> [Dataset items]

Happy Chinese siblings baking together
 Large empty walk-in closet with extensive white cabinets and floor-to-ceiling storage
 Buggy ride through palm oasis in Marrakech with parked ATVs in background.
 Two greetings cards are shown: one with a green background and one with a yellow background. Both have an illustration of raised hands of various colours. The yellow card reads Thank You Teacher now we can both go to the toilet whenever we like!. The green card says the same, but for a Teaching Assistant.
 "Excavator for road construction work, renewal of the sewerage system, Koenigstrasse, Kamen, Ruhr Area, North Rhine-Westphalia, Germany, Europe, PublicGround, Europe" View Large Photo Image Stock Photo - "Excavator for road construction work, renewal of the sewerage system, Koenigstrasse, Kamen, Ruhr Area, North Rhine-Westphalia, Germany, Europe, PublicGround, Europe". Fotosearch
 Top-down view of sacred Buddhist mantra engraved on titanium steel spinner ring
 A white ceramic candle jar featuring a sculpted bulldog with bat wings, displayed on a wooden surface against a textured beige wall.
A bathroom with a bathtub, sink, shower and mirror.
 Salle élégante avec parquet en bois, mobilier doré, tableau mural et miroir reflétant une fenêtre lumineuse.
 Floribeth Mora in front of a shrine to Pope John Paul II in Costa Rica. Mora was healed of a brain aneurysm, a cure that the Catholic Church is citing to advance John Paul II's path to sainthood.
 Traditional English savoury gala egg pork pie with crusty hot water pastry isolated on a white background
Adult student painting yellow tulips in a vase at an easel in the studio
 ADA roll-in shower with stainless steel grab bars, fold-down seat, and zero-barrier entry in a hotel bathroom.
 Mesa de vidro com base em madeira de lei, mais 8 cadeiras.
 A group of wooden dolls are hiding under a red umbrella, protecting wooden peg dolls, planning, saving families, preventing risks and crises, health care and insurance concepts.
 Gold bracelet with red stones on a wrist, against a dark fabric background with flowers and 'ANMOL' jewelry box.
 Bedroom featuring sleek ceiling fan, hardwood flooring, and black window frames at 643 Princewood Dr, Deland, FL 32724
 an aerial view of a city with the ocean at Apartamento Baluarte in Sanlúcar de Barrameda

> [Exercise prompt]
For each line of the data that has the word "background", report that line.

> [Reply]
 Buggy ride through palm oasis in Marrakech with parked ATVs in background.
 Two greetings cards are shown: one with a green background and one with a yellow background. Both have an illustration of raised hands of various colours. The yellow card reads Thank You Teacher now we can both go to the toilet whenever we like!. The green card says the same, but for a Teaching Assistant.
 Traditional English savoury gala egg pork pie with crusty hot water pastry isolated on a white background
 Gold bracelet with red stones on a wrist, against a dark fabric background with flowers and 'ANMOL' jewelry box.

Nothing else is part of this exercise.